## Activity:
Among the lines of data below, reproduce only those from the one with "As for controlling" through the one with "If you find", exactly as they stand, both ends included.

## Records for processing:
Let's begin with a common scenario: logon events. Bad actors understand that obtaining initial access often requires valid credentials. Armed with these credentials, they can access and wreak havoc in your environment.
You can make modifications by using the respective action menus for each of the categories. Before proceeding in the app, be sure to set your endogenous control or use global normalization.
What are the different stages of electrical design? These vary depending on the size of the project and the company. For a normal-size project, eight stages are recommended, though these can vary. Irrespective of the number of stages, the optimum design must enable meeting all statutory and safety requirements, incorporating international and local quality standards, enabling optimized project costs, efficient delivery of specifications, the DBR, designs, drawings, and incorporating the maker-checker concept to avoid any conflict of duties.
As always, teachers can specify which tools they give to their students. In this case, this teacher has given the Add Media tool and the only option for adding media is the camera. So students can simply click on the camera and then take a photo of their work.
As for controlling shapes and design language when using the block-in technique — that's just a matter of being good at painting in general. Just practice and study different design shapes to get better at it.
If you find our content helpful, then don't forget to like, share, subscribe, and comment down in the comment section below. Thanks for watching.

==

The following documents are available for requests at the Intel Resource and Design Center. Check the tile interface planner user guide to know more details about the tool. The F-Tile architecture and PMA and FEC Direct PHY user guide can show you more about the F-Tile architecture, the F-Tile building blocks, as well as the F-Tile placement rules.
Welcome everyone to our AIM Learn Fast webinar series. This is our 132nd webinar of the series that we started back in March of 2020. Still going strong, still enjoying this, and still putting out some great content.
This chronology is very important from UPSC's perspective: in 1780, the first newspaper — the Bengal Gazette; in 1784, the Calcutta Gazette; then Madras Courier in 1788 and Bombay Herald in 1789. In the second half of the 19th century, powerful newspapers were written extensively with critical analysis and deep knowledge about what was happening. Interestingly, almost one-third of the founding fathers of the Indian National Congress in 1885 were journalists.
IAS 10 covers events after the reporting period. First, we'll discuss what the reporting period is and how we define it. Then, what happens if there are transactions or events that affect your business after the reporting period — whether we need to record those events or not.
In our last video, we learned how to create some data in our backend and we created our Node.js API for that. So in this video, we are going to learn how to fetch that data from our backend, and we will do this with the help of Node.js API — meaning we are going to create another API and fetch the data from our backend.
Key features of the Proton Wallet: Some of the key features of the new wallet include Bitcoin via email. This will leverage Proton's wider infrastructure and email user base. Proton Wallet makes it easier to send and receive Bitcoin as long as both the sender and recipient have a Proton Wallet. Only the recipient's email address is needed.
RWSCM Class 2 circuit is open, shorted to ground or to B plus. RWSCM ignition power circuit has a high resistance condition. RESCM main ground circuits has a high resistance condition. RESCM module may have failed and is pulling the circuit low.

## Exercise output:
As for controlling shapes and design language when using the block-in technique — that's just a matter of being good at painting in general. Just practice and study different design shapes to get better at it.
If you find our content helpful, then don't forget to like, share, subscribe, and comment down in the comment section below. Thanks for watching.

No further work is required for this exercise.